Bennett recently broke Avery’s big piggy bank, a pre-Christmas catastrophe that provoked tears, wailing on her baby brother, and last-minute pleas for Santa to bring her a new one. Since Santa didn’t deliver, Blake went to Walmart looking for one today. No luck.

Maybe if Walmart sold piggy banks there'd be no debt crisis.
“They were sold out of piggy banks?” I asked, rather incredulous this simple money-saving device could cause a run at Christmas. “I don’t think they carry them,” Blake answered. “Well, maybe they should. It could solve the debt crisis,” I said, to which Blake countered: “You know, Walmart wants you to spend your money on plastic crap, not save it for a rainy day.” How true. It must be a conspiracy amongst retailers: remove piggy banks from circulation so another generation can grow up without any money sense.
We are trying to instill basic economic principles into our daughter, like how you need money to buy things like food and clothes and books and toys. After reading several stories about
kids and money we started giving Avery an allowance. Problem is, she wants to spend it as soon as she gets it. She wants things like plastic animals, knock-off mermaid “Barbies” or jewelry from Dollarama — ugly cheap stuff that either breaks promptly or will give her lead poisoning if she puts it in her mouth. Now that her money rests in plain view, without a piggy home, it constantly tempts her to spend it. But, as
another article counsels, parents are supposed to let their kids practice spending their money on whatever they want, so they can (hopefully) learn that cheap toys from Dollarama are not good value.

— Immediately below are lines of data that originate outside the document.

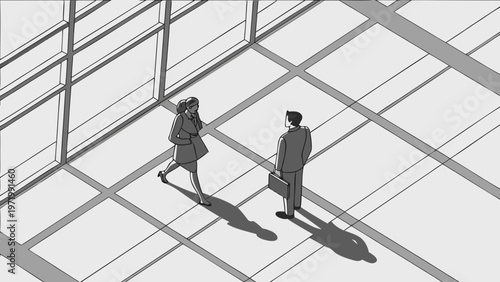 Business Encounter in Gridded Sunlight: Monochrome Illustration of Two Professionals in a Modern Hallway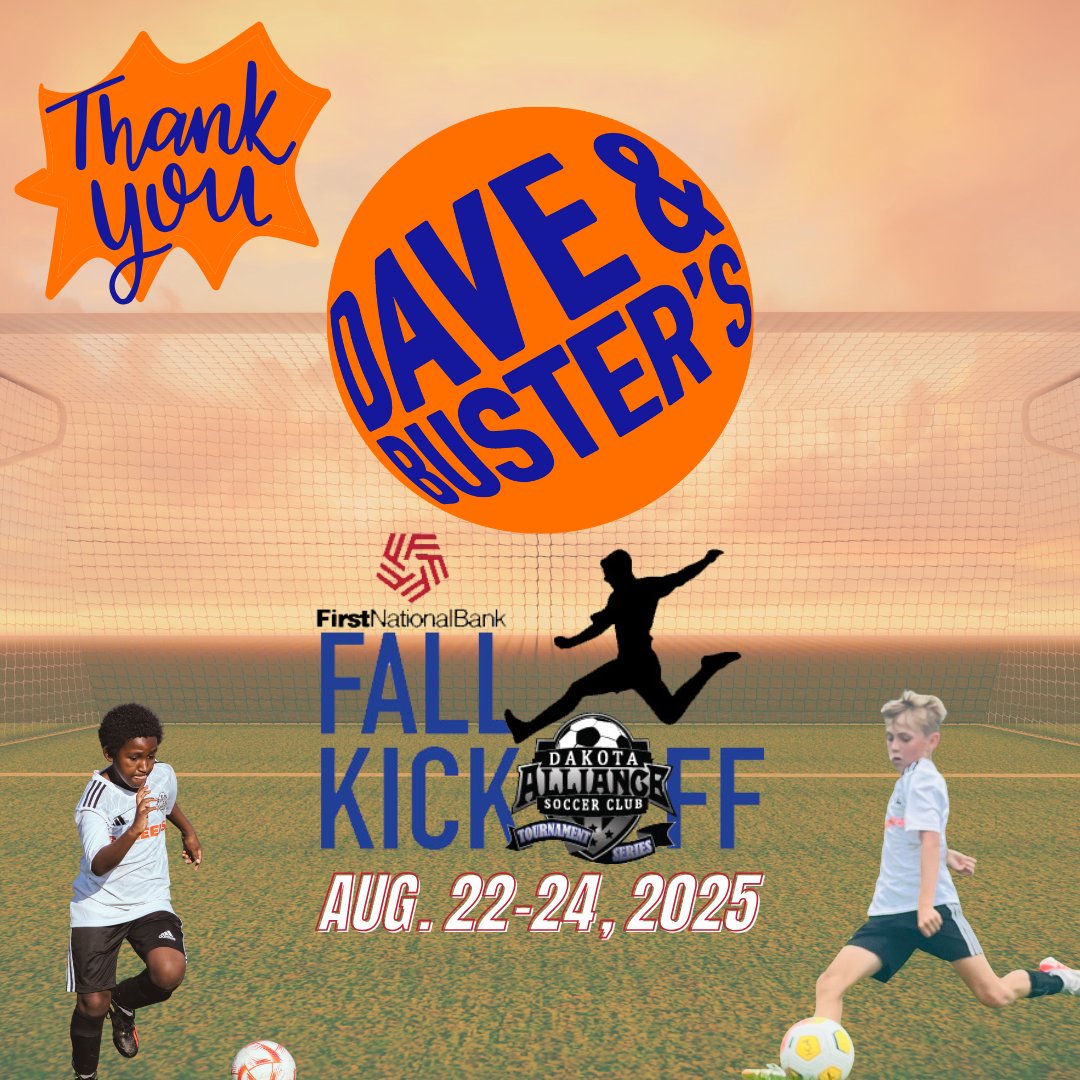 Dakota_Alliance's tweet image. Big shoutout to our Fall Kickoff Tournament sponsor
Dave &amp;amp; Buster's - Sioux Falls
—you’re the real MVP! 🏆 
Your support keeps the game strong and the community united.
#fallkickoff
#morethanatournament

This explains how Avery came home with a set of kids’ makeup from the farmers’ market last week. It’s tacky and totally inappropriate for Grade 1. I won’t allow her to leave the house in it, lest she be mistaken for a child prostitute.
So I guess it’s not just Greece. Our six-year-old is having her own mini debt crisis. That’s the real reason she cried when Bennett broke her piggy bank — it revealed she was out of toonies, loonies, quarters, dimes and nickels. But not pennies. She’s donating those to charity.